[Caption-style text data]
--------------------------------
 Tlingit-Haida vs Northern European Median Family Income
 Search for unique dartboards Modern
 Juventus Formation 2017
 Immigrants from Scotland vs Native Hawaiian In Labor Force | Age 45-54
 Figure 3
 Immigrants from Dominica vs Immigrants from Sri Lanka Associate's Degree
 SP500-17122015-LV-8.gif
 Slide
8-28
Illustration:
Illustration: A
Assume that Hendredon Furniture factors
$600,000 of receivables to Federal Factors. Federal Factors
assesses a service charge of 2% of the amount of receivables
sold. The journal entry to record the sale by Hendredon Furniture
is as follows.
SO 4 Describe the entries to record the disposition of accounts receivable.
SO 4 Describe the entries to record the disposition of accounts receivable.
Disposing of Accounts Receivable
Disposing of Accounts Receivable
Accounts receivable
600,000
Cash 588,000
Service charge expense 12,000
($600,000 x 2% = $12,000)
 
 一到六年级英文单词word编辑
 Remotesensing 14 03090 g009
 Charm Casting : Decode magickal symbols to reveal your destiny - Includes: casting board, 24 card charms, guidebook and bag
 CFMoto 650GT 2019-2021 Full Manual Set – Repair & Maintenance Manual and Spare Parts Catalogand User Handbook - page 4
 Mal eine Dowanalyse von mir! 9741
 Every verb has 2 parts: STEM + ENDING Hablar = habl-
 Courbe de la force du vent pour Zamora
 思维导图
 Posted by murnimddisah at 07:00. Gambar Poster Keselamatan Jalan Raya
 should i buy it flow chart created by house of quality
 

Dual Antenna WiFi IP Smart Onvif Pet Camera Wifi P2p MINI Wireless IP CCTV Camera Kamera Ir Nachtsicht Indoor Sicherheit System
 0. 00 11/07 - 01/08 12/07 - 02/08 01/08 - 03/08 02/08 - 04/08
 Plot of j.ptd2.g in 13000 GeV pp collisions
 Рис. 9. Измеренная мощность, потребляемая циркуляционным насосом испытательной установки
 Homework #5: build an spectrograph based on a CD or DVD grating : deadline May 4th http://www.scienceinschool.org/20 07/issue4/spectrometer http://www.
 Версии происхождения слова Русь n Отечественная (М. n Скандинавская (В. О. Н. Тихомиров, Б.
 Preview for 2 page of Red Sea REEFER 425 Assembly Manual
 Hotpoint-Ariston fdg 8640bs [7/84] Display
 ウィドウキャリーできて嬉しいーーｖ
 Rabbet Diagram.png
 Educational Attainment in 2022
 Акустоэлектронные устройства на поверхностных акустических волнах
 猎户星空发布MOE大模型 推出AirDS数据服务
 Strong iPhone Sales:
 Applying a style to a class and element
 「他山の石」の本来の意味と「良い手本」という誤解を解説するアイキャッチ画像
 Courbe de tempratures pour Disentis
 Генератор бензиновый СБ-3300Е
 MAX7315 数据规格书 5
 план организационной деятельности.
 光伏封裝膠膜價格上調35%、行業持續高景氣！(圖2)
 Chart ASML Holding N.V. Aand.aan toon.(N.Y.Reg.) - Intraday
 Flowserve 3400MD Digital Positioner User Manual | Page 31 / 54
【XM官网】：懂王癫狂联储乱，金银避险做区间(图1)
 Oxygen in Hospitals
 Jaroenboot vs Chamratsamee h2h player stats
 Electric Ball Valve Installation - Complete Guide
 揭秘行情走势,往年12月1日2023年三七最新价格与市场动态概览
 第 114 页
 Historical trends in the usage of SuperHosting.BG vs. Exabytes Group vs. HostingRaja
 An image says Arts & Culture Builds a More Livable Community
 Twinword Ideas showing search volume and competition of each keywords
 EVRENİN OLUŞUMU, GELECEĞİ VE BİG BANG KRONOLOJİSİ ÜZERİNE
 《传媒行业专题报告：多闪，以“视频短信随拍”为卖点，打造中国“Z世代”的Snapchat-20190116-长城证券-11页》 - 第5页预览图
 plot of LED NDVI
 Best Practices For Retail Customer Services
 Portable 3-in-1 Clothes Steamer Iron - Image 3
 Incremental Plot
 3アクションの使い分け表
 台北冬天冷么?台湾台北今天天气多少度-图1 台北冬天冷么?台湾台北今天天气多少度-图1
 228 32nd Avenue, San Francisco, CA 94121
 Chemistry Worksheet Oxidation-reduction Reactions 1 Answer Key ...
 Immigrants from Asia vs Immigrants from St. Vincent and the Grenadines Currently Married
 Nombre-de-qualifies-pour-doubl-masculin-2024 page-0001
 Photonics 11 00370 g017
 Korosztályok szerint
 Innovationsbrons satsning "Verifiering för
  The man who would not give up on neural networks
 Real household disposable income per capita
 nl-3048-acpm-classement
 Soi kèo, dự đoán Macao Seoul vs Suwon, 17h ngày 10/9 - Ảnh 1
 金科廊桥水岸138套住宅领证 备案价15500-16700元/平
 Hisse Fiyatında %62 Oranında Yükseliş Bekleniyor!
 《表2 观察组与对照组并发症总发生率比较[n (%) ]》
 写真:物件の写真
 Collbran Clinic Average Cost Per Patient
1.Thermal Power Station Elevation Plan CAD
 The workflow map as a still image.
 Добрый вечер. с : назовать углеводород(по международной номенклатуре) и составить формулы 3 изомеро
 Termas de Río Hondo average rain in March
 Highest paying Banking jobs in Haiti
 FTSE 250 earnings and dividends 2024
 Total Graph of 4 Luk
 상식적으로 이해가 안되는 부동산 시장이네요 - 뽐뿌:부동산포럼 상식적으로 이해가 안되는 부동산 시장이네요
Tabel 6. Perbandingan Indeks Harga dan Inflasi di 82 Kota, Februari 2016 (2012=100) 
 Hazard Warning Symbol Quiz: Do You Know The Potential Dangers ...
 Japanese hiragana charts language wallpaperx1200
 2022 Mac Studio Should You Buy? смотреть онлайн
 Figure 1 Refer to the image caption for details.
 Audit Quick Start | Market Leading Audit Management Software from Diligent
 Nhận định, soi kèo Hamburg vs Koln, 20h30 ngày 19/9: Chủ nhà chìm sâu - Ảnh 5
--------------------------------
ABOUT THIS TASK — Start with the line above that contains "Courbe de tempratures pour Disentis" and stop after the line that contains "Total Graph of 4 Luk". Output those lines exactly, and only those.

SOLUTION —
 Courbe de tempratures pour Disentis
 Генератор бензиновый СБ-3300Е
 MAX7315 数据规格书 5
 план организационной деятельности.
 光伏封裝膠膜價格上調35%、行業持續高景氣！(圖2)
 Chart ASML Holding N.V. Aand.aan toon.(N.Y.Reg.) - Intraday
 Flowserve 3400MD Digital Positioner User Manual | Page 31 / 54
【XM官网】：懂王癫狂联储乱，金银避险做区间(图1)
 Oxygen in Hospitals
 Jaroenboot vs Chamratsamee h2h player stats
 Electric Ball Valve Installation - Complete Guide
 揭秘行情走势,往年12月1日2023年三七最新价格与市场动态概览
 第 114 页
 Historical trends in the usage of SuperHosting.BG vs. Exabytes Group vs. HostingRaja
 An image says Arts & Culture Builds a More Livable Community
 Twinword Ideas showing search volume and competition of each keywords
 EVRENİN OLUŞUMU, GELECEĞİ VE BİG BANG KRONOLOJİSİ ÜZERİNE
 《传媒行业专题报告：多闪，以“视频短信随拍”为卖点，打造中国“Z世代”的Snapchat-20190116-长城证券-11页》 - 第5页预览图
 plot of LED NDVI
 Best Practices For Retail Customer Services
 Portable 3-in-1 Clothes Steamer Iron - Image 3
 Incremental Plot
 3アクションの使い分け表
 台北冬天冷么?台湾台北今天天气多少度-图1 台北冬天冷么?台湾台北今天天气多少度-图1
 228 32nd Avenue, San Francisco, CA 94121
 Chemistry Worksheet Oxidation-reduction Reactions 1 Answer Key ...
 Immigrants from Asia vs Immigrants from St. Vincent and the Grenadines Currently Married
 Nombre-de-qualifies-pour-doubl-masculin-2024 page-0001
 Photonics 11 00370 g017
 Korosztályok szerint
 Innovationsbrons satsning "Verifiering för
  The man who would not give up on neural networks
 Real household disposable income per capita
 nl-3048-acpm-classement
 Soi kèo, dự đoán Macao Seoul vs Suwon, 17h ngày 10/9 - Ảnh 1
 金科廊桥水岸138套住宅领证 备案价15500-16700元/平
 Hisse Fiyatında %62 Oranında Yükseliş Bekleniyor!
 《表2 观察组与对照组并发症总发生率比较[n (%) ]》
 写真:物件の写真
 Collbran Clinic Average Cost Per Patient
1.Thermal Power Station Elevation Plan CAD
 The workflow map as a still image.
 Добрый вечер. с : назовать углеводород(по международной номенклатуре) и составить формулы 3 изомеро
 Termas de Río Hondo average rain in March
 Highest paying Banking jobs in Haiti
 FTSE 250 earnings and dividends 2024
 Total Graph of 4 Luk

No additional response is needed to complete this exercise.